This chapter discusses the Python Database API, a standardized way of connecting to SQL databases, and demonstrates how to execute some basic SQL using this API. The last section also discusses some alternative database technology.

I won’t be giving you a tutorial on relational databases or the SQL language. The documentation for most databases (such as PostgreSQL or MySQL, or, the one used in this chapter, SQLite) should cover what you need to know. If you haven’t used relational databases before, you might want to check out www.sqlcourse.com (or just do a web search on the subject) or Beginning SQL Queries, 2nd ed., by Clare Churcher (Apress, 2016).

The simple database used throughout this chapter (SQLite) is, of course, not the only choice—by far. There are several popular commercial choices (such as Oracle or Microsoft SQL Server), as well as some solid and widespread open source databases (such as MySQL, PostgreSQL, and Firebird). For a list of some other databases supported by Python packages, check out https://wiki.python.org/moin/DatabaseInterfaces . Relational (SQL) databases aren’t the only kind around, of course. There are object databases such as the Zope Object Database (ZODB, http://zodb.org ), compact table-based ones such as Metakit ( http://equi4.com/metakit ), or even simpler key-value databases, such as the UNIX DBM ( https://docs.python.org/3/library/dbm.html ). There is also a wide variety of the increasingly popular NoSQL databases, such as MongoDB ( http://mongodb.com ), Cassandra ( http://cassandra.apache.org ), and Redis ( http://redis.io ), all of which can be accessed from Python.

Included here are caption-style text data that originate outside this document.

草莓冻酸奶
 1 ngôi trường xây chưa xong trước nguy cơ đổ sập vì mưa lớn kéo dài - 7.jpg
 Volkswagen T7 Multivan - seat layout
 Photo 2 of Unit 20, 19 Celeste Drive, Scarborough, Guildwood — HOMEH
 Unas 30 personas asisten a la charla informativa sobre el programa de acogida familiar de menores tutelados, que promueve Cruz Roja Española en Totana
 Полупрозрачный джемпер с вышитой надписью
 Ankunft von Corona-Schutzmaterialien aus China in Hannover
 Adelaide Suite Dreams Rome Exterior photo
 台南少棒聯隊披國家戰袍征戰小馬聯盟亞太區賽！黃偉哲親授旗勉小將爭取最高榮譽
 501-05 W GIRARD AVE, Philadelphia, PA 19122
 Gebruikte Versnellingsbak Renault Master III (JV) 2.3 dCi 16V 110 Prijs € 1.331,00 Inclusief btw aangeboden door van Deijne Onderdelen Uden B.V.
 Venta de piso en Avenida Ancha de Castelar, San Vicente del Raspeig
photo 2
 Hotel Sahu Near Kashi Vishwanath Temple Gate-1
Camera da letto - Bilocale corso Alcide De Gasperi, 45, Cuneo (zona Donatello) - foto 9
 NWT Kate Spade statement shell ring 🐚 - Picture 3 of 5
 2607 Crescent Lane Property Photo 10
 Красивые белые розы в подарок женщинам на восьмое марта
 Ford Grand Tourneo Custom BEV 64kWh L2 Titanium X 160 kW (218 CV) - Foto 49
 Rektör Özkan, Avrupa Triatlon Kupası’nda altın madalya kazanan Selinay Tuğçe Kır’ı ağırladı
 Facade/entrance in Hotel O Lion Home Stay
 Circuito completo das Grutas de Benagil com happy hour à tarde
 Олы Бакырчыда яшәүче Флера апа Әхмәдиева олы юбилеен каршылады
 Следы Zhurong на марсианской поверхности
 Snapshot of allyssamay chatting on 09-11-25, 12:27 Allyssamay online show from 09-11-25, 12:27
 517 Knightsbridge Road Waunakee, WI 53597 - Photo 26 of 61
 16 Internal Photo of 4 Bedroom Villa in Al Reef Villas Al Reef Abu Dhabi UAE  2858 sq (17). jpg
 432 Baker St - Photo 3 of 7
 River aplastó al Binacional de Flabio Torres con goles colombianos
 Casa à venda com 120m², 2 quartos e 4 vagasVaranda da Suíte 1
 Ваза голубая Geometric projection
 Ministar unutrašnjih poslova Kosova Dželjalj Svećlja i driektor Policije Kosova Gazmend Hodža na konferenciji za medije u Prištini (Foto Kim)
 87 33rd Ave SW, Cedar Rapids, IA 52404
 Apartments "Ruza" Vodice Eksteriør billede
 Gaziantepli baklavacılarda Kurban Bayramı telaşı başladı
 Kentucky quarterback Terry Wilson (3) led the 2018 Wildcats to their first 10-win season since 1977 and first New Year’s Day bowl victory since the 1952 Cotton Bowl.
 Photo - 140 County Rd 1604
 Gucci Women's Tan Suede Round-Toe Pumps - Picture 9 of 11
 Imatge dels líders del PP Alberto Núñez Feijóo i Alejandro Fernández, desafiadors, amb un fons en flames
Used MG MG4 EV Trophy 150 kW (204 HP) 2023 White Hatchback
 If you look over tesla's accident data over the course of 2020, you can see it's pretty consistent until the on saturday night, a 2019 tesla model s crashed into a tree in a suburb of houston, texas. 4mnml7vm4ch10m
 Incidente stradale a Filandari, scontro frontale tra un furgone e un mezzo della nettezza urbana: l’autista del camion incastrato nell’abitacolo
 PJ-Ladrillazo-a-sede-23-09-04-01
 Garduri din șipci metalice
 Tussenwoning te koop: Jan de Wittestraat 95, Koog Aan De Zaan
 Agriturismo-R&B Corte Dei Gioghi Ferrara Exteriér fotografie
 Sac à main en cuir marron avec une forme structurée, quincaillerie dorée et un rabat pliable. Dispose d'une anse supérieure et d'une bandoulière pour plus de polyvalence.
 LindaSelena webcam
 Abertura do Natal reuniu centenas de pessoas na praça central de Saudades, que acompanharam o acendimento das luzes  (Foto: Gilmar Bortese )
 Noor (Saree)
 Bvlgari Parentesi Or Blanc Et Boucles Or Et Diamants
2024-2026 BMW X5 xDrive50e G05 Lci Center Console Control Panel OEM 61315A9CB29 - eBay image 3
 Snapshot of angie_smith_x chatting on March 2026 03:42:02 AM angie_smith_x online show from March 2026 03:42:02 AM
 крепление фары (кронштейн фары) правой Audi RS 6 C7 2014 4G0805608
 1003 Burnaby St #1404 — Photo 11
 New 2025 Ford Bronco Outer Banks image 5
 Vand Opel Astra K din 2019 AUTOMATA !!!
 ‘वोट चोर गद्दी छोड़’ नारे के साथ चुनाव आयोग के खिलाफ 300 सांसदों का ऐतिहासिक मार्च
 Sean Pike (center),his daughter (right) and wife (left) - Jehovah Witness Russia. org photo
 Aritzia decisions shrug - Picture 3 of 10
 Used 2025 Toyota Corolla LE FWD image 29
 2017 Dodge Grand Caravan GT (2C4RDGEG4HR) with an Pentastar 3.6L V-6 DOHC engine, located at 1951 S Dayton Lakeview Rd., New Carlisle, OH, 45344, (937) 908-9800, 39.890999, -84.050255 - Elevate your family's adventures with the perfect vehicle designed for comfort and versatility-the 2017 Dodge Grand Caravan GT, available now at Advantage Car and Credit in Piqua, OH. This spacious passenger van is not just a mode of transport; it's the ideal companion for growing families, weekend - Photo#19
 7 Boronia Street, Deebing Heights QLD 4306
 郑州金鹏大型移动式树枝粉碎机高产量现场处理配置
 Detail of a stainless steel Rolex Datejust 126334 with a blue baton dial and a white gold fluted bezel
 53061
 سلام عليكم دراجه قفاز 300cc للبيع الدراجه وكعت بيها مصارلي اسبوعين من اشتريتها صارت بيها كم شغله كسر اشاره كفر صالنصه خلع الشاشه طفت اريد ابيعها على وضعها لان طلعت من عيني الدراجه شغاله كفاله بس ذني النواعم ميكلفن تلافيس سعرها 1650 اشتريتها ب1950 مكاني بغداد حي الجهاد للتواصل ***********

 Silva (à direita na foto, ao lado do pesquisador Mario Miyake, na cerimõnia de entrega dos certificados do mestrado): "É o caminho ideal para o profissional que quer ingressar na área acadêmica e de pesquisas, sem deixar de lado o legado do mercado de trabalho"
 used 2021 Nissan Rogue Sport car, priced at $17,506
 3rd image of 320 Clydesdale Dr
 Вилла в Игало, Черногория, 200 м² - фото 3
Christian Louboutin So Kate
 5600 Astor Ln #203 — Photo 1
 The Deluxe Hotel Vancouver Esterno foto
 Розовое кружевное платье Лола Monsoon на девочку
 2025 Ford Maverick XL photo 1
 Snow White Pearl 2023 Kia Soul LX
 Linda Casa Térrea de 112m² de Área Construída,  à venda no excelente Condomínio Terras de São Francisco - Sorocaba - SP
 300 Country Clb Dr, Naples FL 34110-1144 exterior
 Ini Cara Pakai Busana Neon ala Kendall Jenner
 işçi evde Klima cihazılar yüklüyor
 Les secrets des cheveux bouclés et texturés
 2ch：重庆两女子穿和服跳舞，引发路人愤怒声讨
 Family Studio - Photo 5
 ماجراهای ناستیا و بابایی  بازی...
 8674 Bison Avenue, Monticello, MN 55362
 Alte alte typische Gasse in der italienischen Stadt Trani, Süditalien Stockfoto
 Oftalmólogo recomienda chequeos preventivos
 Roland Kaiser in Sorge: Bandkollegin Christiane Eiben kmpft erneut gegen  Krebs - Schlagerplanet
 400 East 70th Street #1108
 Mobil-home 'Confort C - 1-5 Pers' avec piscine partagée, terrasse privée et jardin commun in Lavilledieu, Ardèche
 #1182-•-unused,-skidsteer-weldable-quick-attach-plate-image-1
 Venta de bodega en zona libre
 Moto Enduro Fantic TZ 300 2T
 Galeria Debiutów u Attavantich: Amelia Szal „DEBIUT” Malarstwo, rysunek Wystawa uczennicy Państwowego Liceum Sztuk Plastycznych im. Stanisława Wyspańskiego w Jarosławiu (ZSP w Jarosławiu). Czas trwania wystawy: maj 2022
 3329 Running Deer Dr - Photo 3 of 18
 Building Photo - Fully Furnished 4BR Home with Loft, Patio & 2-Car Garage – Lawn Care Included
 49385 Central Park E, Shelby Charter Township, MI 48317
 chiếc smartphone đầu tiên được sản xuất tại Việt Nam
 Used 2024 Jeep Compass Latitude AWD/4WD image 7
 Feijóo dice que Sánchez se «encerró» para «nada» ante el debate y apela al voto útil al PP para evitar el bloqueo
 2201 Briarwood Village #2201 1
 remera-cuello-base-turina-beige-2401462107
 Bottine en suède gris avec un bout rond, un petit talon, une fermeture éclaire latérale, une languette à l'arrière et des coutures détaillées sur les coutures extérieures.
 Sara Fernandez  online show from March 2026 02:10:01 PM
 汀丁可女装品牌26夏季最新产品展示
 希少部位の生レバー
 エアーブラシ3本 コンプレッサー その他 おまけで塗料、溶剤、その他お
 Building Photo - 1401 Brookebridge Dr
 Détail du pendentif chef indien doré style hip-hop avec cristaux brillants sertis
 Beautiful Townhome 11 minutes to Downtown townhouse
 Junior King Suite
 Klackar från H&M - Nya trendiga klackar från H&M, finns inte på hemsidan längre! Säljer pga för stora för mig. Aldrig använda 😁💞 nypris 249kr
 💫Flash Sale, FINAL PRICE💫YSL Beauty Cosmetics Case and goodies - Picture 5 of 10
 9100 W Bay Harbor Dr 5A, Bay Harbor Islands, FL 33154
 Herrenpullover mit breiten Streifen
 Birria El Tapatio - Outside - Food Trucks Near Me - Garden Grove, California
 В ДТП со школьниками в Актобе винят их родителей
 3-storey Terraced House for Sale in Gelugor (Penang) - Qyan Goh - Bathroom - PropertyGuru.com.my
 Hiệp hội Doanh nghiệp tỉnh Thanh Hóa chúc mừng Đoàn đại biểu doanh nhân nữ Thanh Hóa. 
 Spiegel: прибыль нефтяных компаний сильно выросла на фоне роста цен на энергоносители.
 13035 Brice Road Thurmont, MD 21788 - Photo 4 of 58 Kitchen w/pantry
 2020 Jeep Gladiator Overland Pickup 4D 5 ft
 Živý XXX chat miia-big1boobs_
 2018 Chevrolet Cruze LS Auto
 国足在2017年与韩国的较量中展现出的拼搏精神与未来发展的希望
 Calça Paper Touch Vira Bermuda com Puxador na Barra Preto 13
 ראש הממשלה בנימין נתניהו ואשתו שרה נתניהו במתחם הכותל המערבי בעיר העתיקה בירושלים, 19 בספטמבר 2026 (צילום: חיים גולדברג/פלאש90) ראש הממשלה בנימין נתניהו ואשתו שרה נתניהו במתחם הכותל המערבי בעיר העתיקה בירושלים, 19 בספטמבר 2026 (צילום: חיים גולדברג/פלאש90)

While this chapter focuses on rather low-level database interaction, you can find several high-level libraries to help you abstract away some of the grind (see, for example, http://sqlalchemy.org or http://sqlobject.org , or search the Web for other so-called object-relational mappers for Python).

The Python Database API

As I’ve mentioned, you can choose from various SQL databases, and many of them have corresponding client modules in Python (some databases even have several). Most of the basic functionality of all the databases is the same, so a program written to use one of them might easily—in theory—be used with another. The problem with switching between different modules that provide the same functionality (more or less) is usually that their interfaces (APIs) are different. In order to solve this problem for database modules in Python, a standard Database API (DB API) has been agreed upon. The current version of the API (2.0) is defined in PEP 249 , Python Database API Specification v2.0 (available from http://python.org/peps/pep-0249.html ).

This section gives you an overview of the basics. I won’t cover the optional parts of the API, because they don’t apply to all databases. You can find more information in the PEP mentioned or in the database programming guide in the official Python Wiki (available from http://wiki.python.org/moin/DatabaseProgramming ). If you’re not really interested in all the API details, you can skip this section.

Global Variables

Any compliant database module (compliant, that is, with the DB API, version 2.0) must have three global variables, which describe the peculiarities of the module. The reason for this is that the API is designed to be very flexible and to work with several different underlying mechanisms without too much wrapping. If you want your program to work with several different databases, this can be a nuisance, because you need to cover many different possibilities. A more realistic course of action, in many cases, would be to simply check these variables to see that a given database module is acceptable to your program. If it isn’t, you could simply exit with an appropriate error message, for example, or raise some exception. The global variables are summarized in Table 13-1.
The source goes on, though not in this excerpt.